» INFORMATION SHOWN
+++

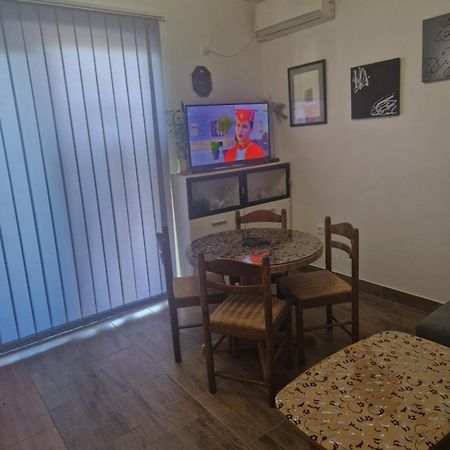 Vera Apartment Kampor Esterno foto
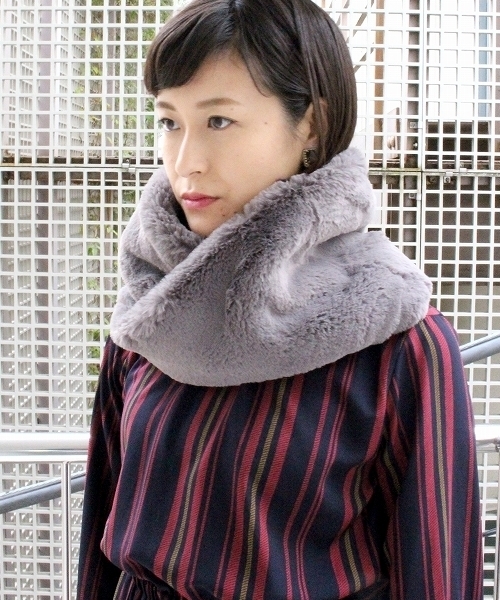 ottilie（オティーリエ）の「エコファーBIGスヌード（ストール/ショール・レディース・ブラック/ベージュ/グレー/サックスブルー・FREE）」の13枚目の写真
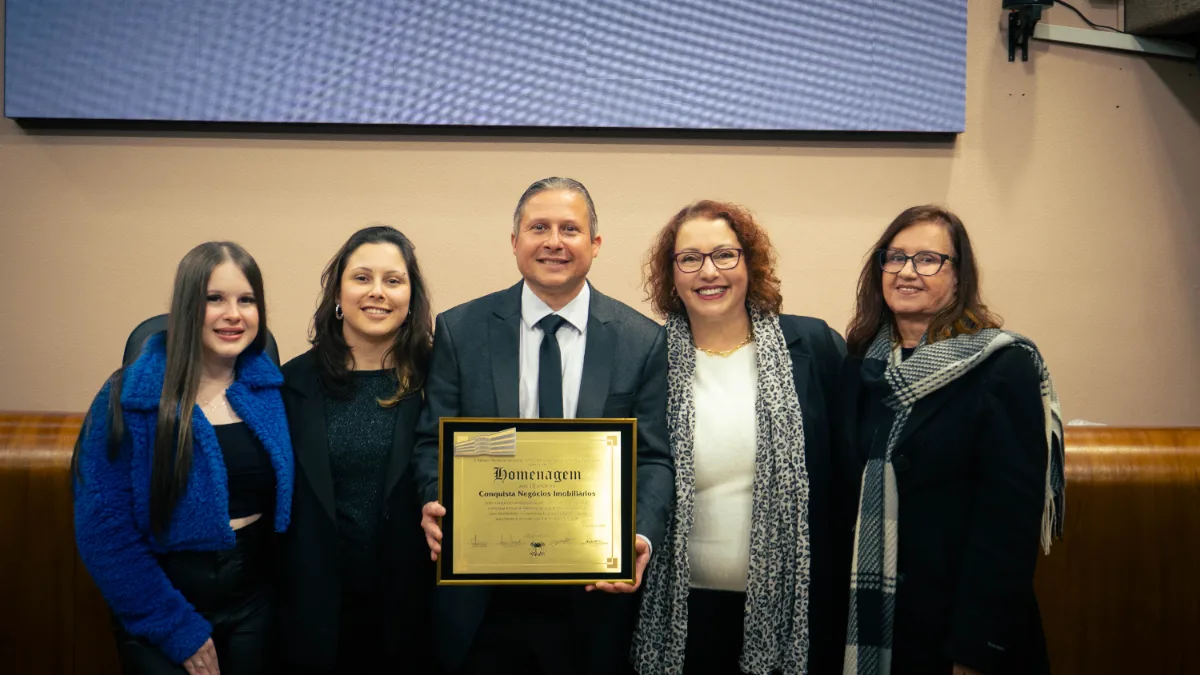 Entrega da placa de homenagem aos 15 anos da Conquista Negócios Imobiliários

+++

» REQUIRED ACTION
Pictures stay out; the data above is to be returned exactly.

» EXERCISE SOLUTION
 Vera Apartment Kampor Esterno foto
 ottilie（オティーリエ）の「エコファーBIGスヌード（ストール/ショール・レディース・ブラック/ベージュ/グレー/サックスブルー・FREE）」の13枚目の写真
 Entrega da placa de homenagem aos 15 anos da Conquista Negócios Imobiliários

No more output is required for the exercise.